Known as the “Game of the Century”, Italy was set to take the match when Roberto Boninsegna scored on the 8th minute of the game. The West Germans equalized during the end of the second half thanks to AC Milan player Karl-Heinz Schellinger, forcing the game to go to extra-time. What happened next was an exchange of greatness between the two teams, with Italy going to another World Cup Final.
The longstanding rivalry between the two highly competitive teams reached its peaked during the 1986 World Cup quarterfinals. In a span of just 4 minutes, football legend Diego Maradona scored two of the greatest and most controversial goals in the history of World Cup. Six minutes into the second half, Maradona produced the controversial “Hand of God” goal, when he reached the ball with his hand against goalkeeper Peter Shilton.
Four minutes after that infamous goal, Maradona again scored a goal that would be known as the “Goal of the Century”; Maradona successfully weaved through five English defenders and again Shilton, leaving the English team stunned and bewildered.
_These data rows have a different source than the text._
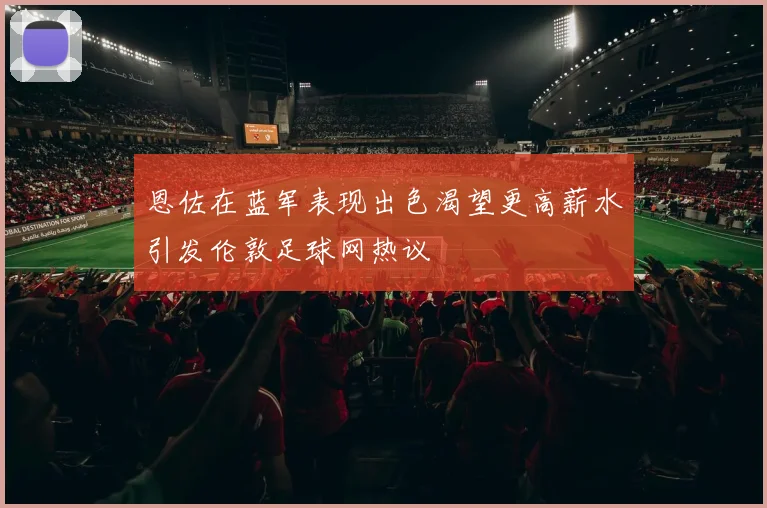 恩佐在蓝军表现出色渴望更高薪水引发伦敦足球网热议
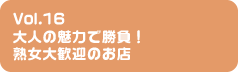 Vol.16 大人の魅力で勝負！熟女大歓迎のお店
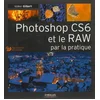 Image de Photoshop CS6 et le Raw : par la pratique Volker Gilbert en occasion ou reconditionné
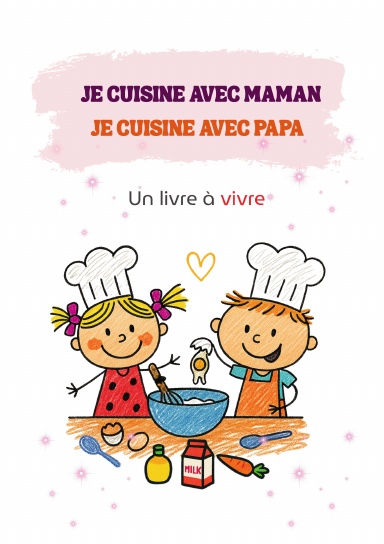 Je cuisine avec maman · Je cuisine avec papa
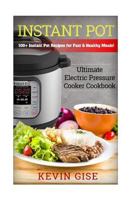 Instant Pot: Ultimate Electric Pressure Cooker Cookbook - 100+ Instant Pot Recipes for Fast & Healthy Meals! 1546567267 Book Cover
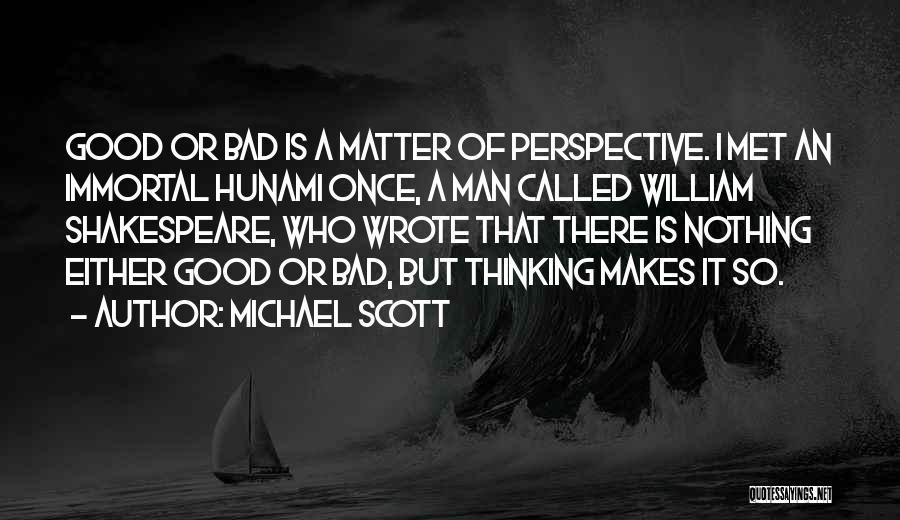 Michael Scott Quotes: Good Or Bad Is A Matter Of Perspective. I Met An Immortal Hunami Once, A Man Called William Shakespeare, Who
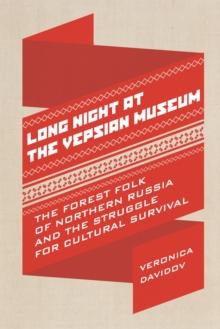 Long Night at the Vepsian Museum : The Forest Folk of Northern Russia and the Struggle for Cultural Survival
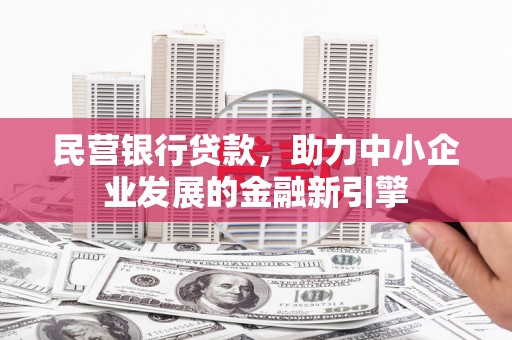 伊宁民营银行贷款，助力中小企业发展的金融新引擎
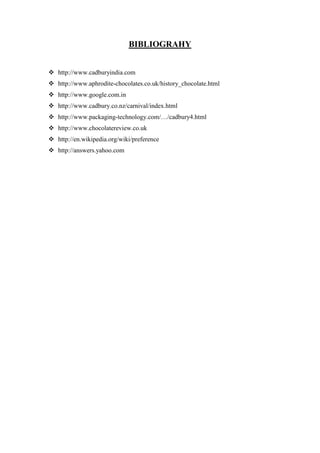 BIBLIOGRAHY


 http://www.cadburyindia.com
 http://www.aphrodite-chocolates.co.uk/history_chocolate.html
 http://www.google.com.in
 http://www.cadbury.co.nz/carnival/index.html
 http://www.packaging-technology.com/…/cadbury4.html
 http://www.chocolatereview.co.uk
 http://en.wikipedia.org/wiki/preference
 http://answers.yahoo.com
 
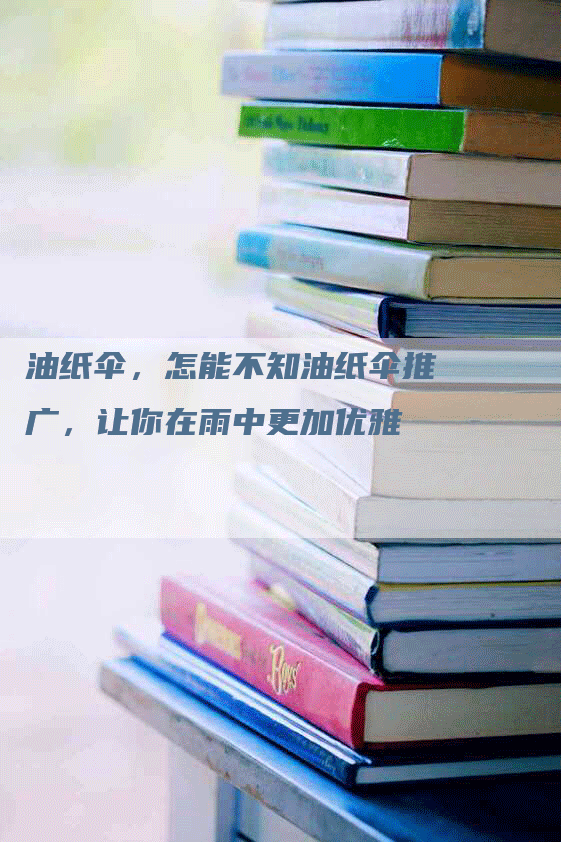 油纸伞，怎能不知油纸伞推广，让你在雨中更加优雅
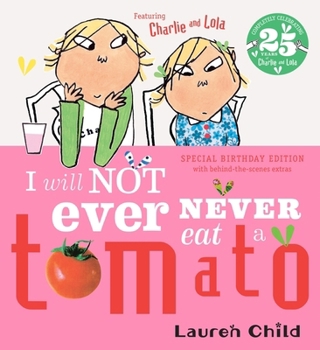 Charlie and Lola: I Will Not Ever Never Eat a Tomato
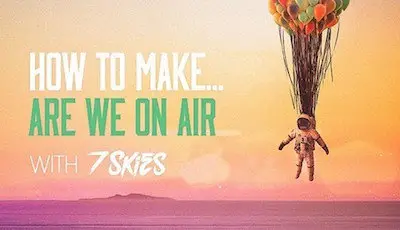 Sonic Academy - How To Make Are We On Air With 7 Skies (2015)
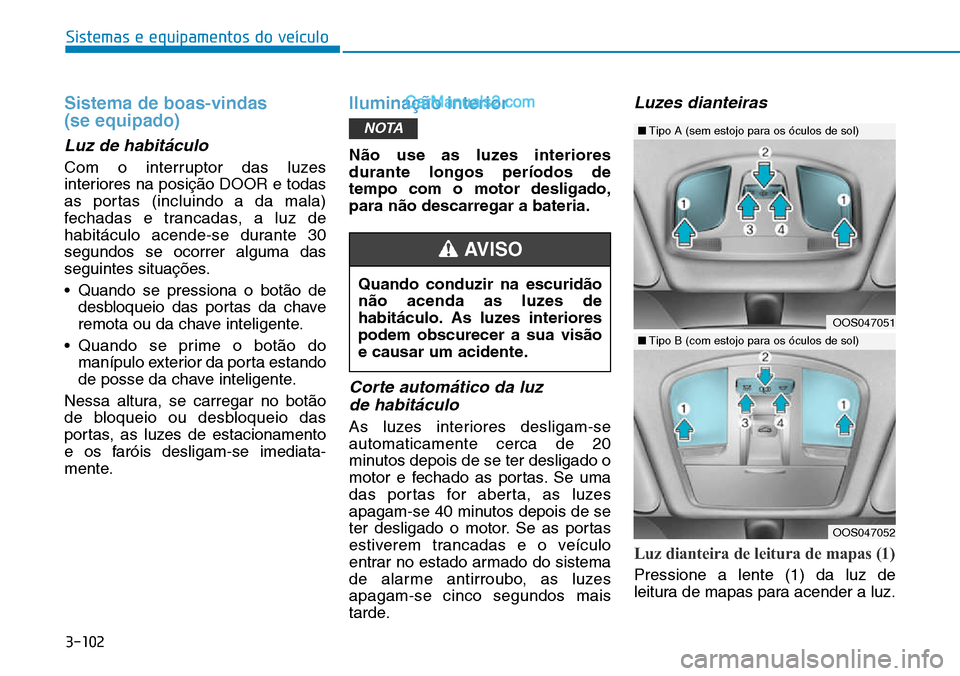 Hyundai Kona 2018  Manual do proprietário (in Portuguese) 3-102
Sistemas e equipamentos do veículo
Sistema de boas-vindas  (se equipado)
Luz de habitáculo
Com o interruptor das luzes 
interiores na posiç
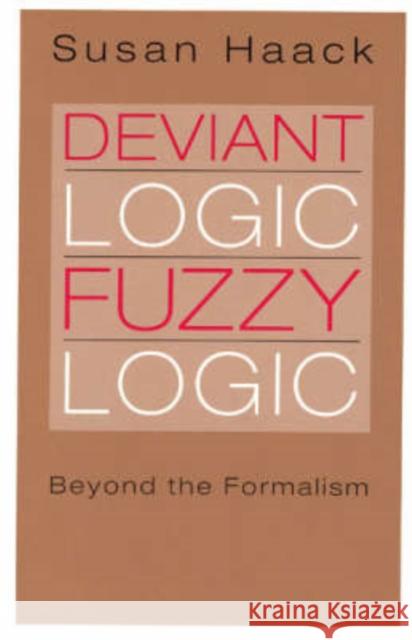 Deviant Logic, Fuzzy Logic: Beyond the Formalism Haack, Susan 9780226311340 University of Chicago Press - książka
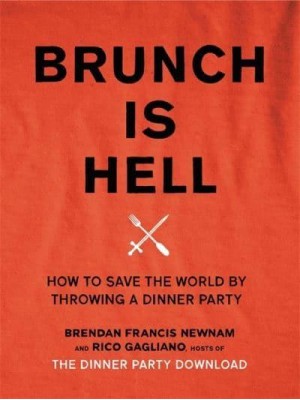 Brunch Is Hell How to Save the World by Throwing a Dinner Party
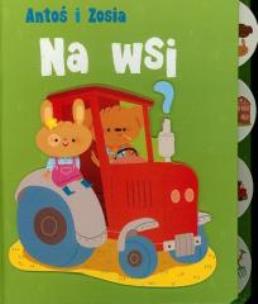 Okładka książki Antoś i Zosia - Na wsi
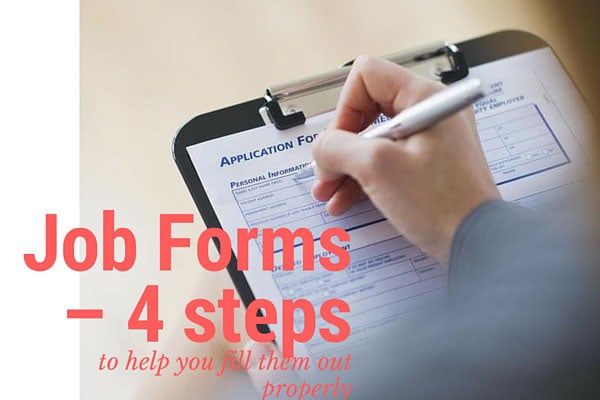 Job Forms – 4 steps to help you fill them out properly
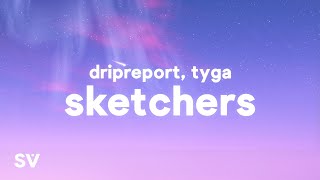 Download lagu DripReport, Tyga - Skechers Remix (Lyrics) mp3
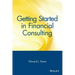 Getting Started in Financial Consulting
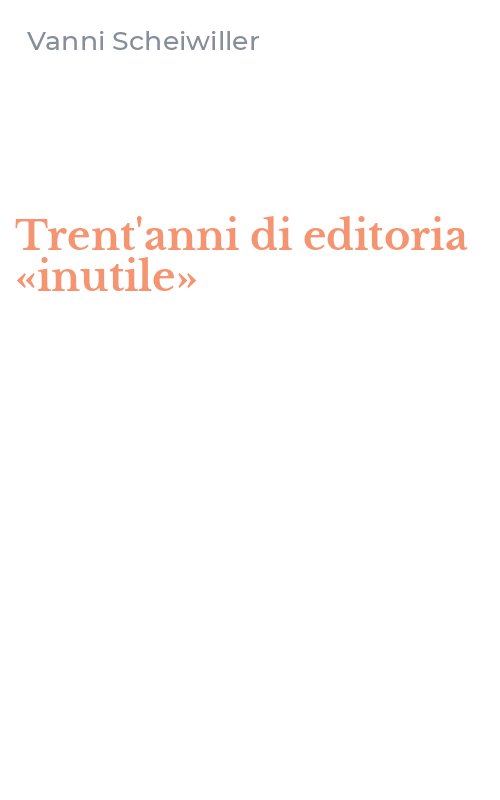 Trent'anni di editoria «inutile»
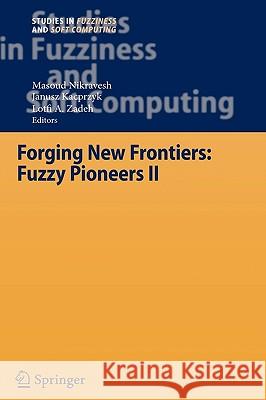 Forging New Frontiers: Fuzzy Pioneers II Janusz Kacprzyk Lotfi A. Zadeh Masoud Nikravesh 9783540731849 Springer
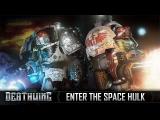 Space Hulk: Deathwing - Enter the Space Hulk - Trailer tn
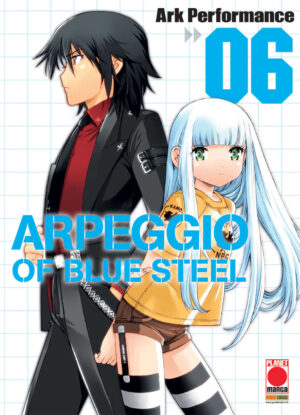 Arpeggio of Blue Steel 6 - Manga Mix 116 - Panini Comics - Italiano
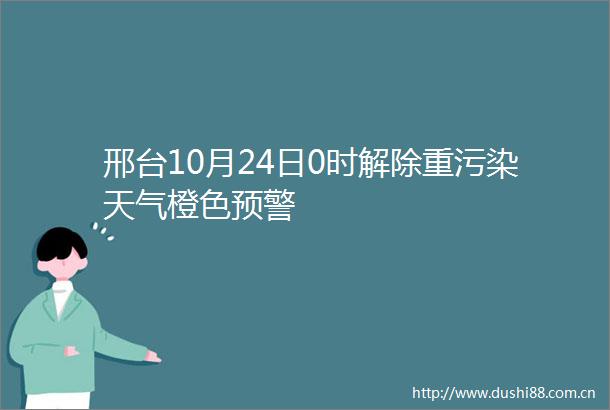 邢台10月24日0时解除重污染天气橙色预警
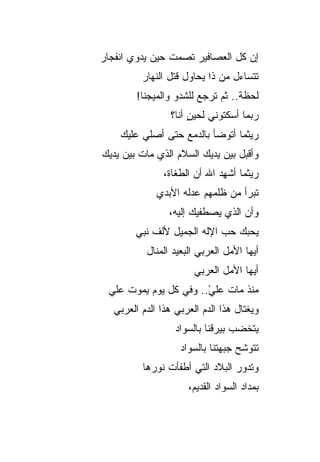 ‫ﺇﻥ ﻜل ﺍﻟﻌﺼﺎﻓﻴﺭ ﺘﺼﻤﺕ ﺤﻴﻥ ﻴﺩ ‪‬ﻱ ﺍﻨﻔﺠﺎﺭ‬
‫‪‬‬       ‫ﻭ‬
          ‫ﺘﺘﺴﺎﺀل ﻤﻥ ﺫﺍ ﻴﺤﺎﻭل ﻗﺘل ﺍﻟﻨﻬﺎﺭ‬
          ‫‪‬‬
         ‫ﻟﺤﻅﺔ.. ﺜﻡ ﺘﺭﺠﻊ ﻟﻠﺸﺩﻭ ﻭﺍﻟﻤﻴ‪‬ﺠﻨﺎ!‬
                 ‫ﺭﺒﻤﺎ ﺃﺴﻜﺘﻭﻨﻲ ﻟﺤﻴﻥ ﺃﻨﺎ؟‬
                      ‫ٍ‬
    ‫ﺭﻴﺜﻤﺎ ﺃﺘﻭﻀﺄ ﺒﺎﻟﺩﻤﻊ ﺤﺘﻰ ﺃﺼﻠﻲ ﻋﻠﻴﻙ‬
    ‫‪‬‬
‫ﻭﺃﻗﺒل ﺒﻴﻥ ﻴﺩﻴﻙ ﺍﻟﺴﻼﻡ ﺍﻟﺫﻱ ﻤﺎﺕ ﺒﻴﻥ ﻴﺩﻴﻙ‬
‫‪‬‬
                ‫ﺭﻴﺜﻤﺎ ﺃ ﹸﻬﺩ ﺍﷲ ﺃﻥ ﺍﻟﻁﻐﺎﺓ،‬
                              ‫ﺸ ِ‪‬‬
              ‫ﺘﺒﺭﺃ ﻤﻥ ﻅﻠﻤﻬﻡ ﻋﺩﻟﻪ ﺍﻷﺒﺩﻱ‬
              ‫‪‬‬
                 ‫ﻭﺃﻥ ﺍﻟﺫﻱ ﻴﺼﻁﻔﻴﻙ ﺇﻟﻴﻪ،‬
        ‫ﻴﺤﺒﻙ ﺤﺏ ﺍﻹﻟﻪ ﺍﻟﺠﻤﻴل ﻷﻟﻑ ﻨﺒﻲ‬
        ‫‪‬‬
           ‫ﺃﻴﻬﺎ ﺍﻷﻤل ﺍﻟﻌﺭﺒﻲ ﺍﻟﺒﻌﻴﺩ ﺍﻟﻤﻨﺎل‬
                        ‫ﺃﻴﻬﺎ ﺍﻷﻤل ﺍﻟﻌﺭﺒﻲ‬
 ‫ﻤﻨﺫ ﻤﺎﺕ ﻋﻠﻲ.. ﻭﻓﻲ ﻜل ﻴﻭﻡ ﻴﻤﻭﺕ ﻋﻠﻲ‬
 ‫‪‬‬                     ‫‪‬‬
                       ‫ْ‬
   ‫ﻭﻴﻐﺘﺎل ﻫﺫﺍ ﺍﻟﺩﻡ ﺍﻟﻌﺭﺒﻲ ﻫﺫﺍ ﺍﻟﺩﻡ ﺍﻟﻌﺭﺒﻲ‬
                   ‫ﻴﺘﺨﻀﺏ ﺒﻴﺭﻗﻨﺎ ﺒﺎﻟﺴﻭﺍﺩ‬
                   ‫‪‬‬         ‫‪  ‬ﹸ‬
                    ‫ﺘﺘﻭﺸﺢ ﺠﺒﻬﺘﻨﺎ ﺒﺎﻟﺴﻭﺍﺩ‬
                    ‫‪‬‬
          ‫ﻭﺘﺩﻭﺭ ﺍﻟﺒﻼﺩ ﺍﻟﺘﻲ ﺃﻁﻔﺄﺕ ﻨﻭﺭﻫﺎ‬
                      ‫ﺒﻤﺩﺍﺩ ﺍﻟﺴﻭﺍﺩ ﺍﻟﻘﺩﻴﻡ،‬
 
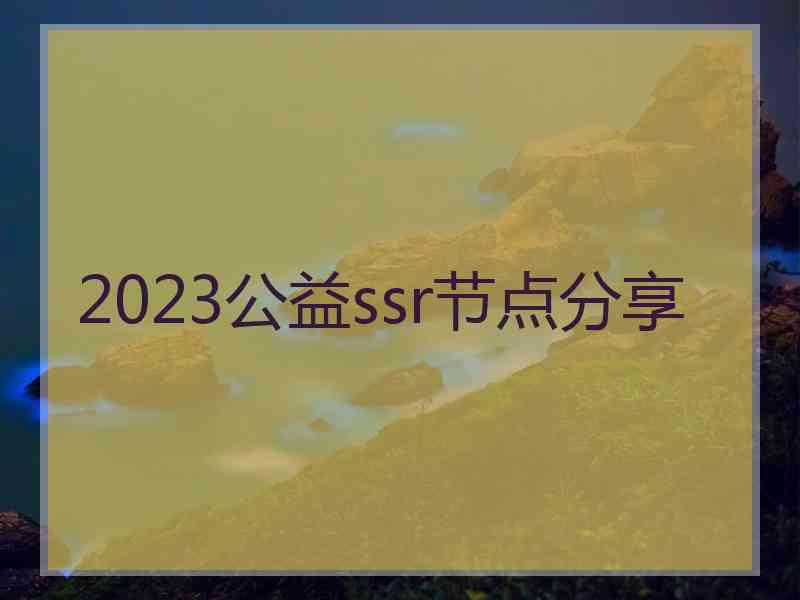 2023公益ssr节点分享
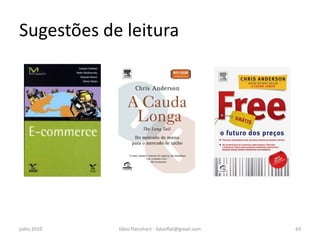 Sugestões de leitura




julho 2010   fábio flatschart - fabioflat@gmail.com   43
 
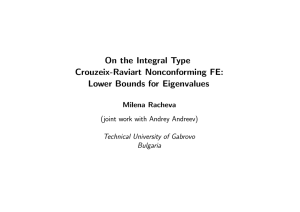 On the Integral Type Crouzeix-Raviart Nonconforming FE: Lower Bounds for Eigenvalues Milena Racheva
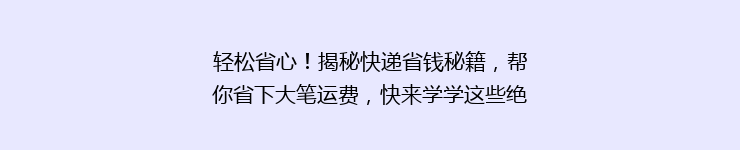 轻松省心!揭秘快递省钱秘籍,帮你省下大笔运费,快来学学这些绝招!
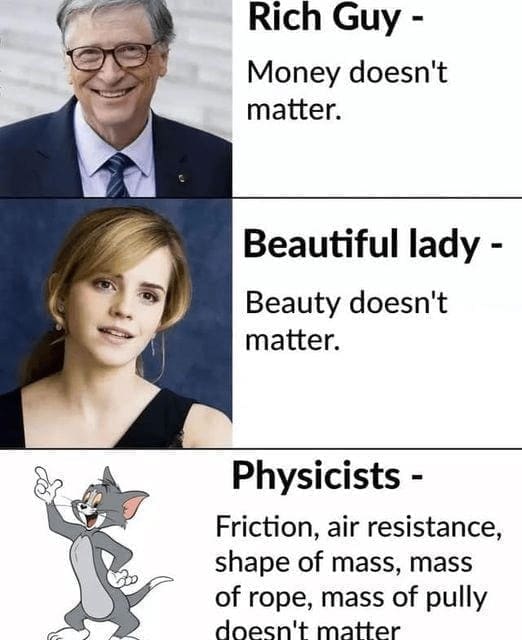 Science memes Rich Guy - Money doesn't matter. Beautiful lady - Beauty doesn't matter. Physicists - Friction, air resistance, shape of mass, mass of rope, mass of pully doesn't matter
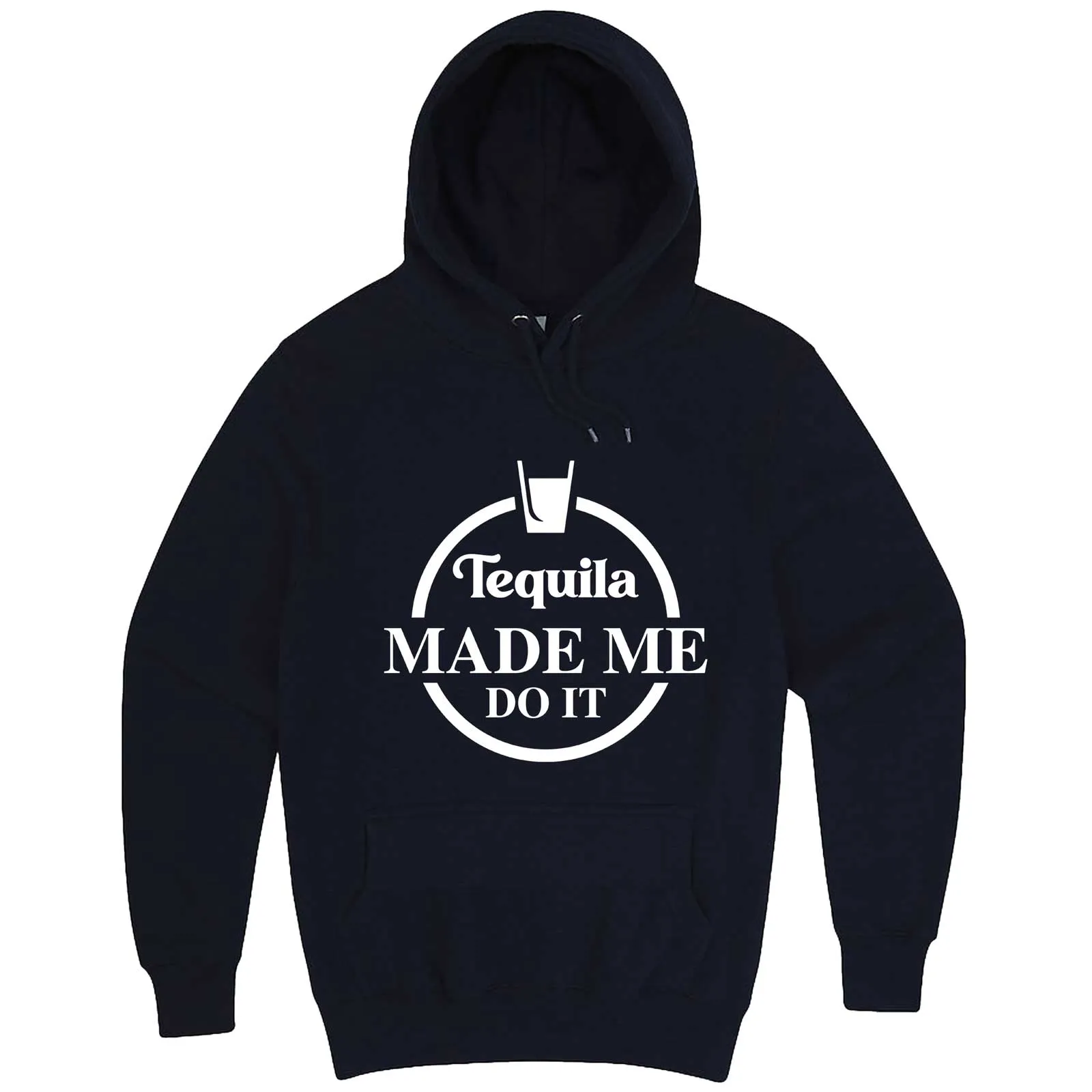 "Tequila Made Me Do It" hoodie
One of the most dramatic and most watched finals game in World Cup history, England won the match in the most controversial way (which is still being debated to this day) due to what went down during the extra-time. During the 101st minute of the game, Geoff Hurst hit a shot into the crossbar then bounced out. Russian linesman Tofiq Bahramov awarded the goal to the team, giving them a 3-2 lead. Hurst completed his hat trick and gave England the win, with BBC’s Kenneth Wolstenholme enthusiastically announced “They think it’s all over – It is now!”
Considered as one of the greatest games in World Cup history, Brazil’s 1982 team consisted of Socrates, Falcao, and Zico, one of the most talented Brazilian line-ups in history. Thanks to Italy’s hard defense and Paolo Rossi’s hat-trick, Italy went on to win the match and the World Cup, again with the heroics of Rossi.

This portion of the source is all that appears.